1 of 1 people found this helpful
any other clues as to what would explain the discrepancy between what the profiler and analyzer are reporting?
It is normal. The static analyzer performs evaluations in a completely insulated world AFAIK while the profiler measures real data from the GPU, after it has been mangled by the driver. The driver can change and every version can produce different code. In general, I would say the compiler is smarter in the driver. You can reasonably use the analyzer only for "order of magnitude" decisions.
Is there a strategy for converting VGPR registers to SGPR registers? The kernel only uses ~22 SGPRs now, so it is apparent that the SGPRs so a better balance should yield better performance.
I haven't seen much. SGPRs are limited in goal and features. If you need to lower VGPR you might have more luck in LDS storage... that said, are you sure you need more occupancy? I've seen kernels work at 100% load even with 100+ VGPRs!
Well, I am uncertain if less VGPRs would yield better performance or not. In order for me to check this, it would seem that I would need to remove code to reduce VGPRs and then check the performance. This would then cause it to run faster because there is less code, so this experiment is not fruitful.
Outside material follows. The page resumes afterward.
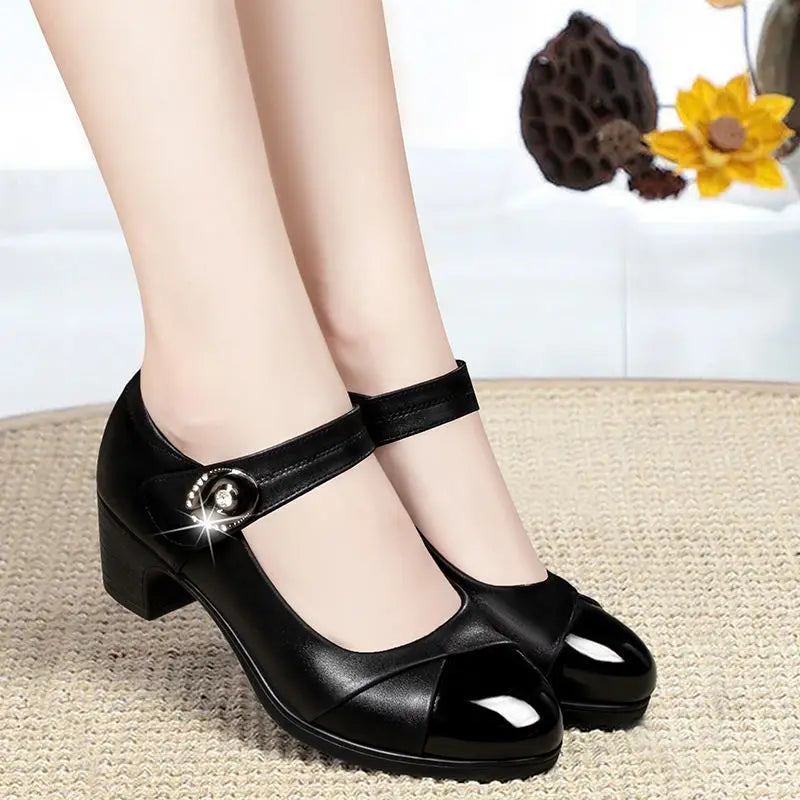 Ortopédico Zapatos elegante y de apoyo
It does seem that as I have reduced the VGPRs used that it hasn't improved performance much. Currently I am addicted to reducing VGPR usage so that I can get to the next threshold (48 VGPRs, yielding 6 wavefronts in flight - I am currently at 53 with the profiler, but 44 with the analyzer).
There are two accesses to global memory in the kernel, one of them I move the data to LDS and the other I am relying on the cache to .. cache (which seems to be working). There are ~19K VALU instructions. So perhaps the instructions are large relative to the stalls due to global memory accesses and therefore reduced VGPRs would not improve performance...
Currently I am addicted to reducing VGPR usage so that I can get to the next threshold...
It is indeed something I can understand!
Never forget to look for VALUBusy% and the memory stall metrics. With 19k instructions you should be able to move quite some data before stalling even with 50 VGPRs... IF the computation is heavy enough. Memory access patterns are important; try to have the workitems collaborate in moving data. Async memory transfers are awesome for this if you can afford the LDS price to pay.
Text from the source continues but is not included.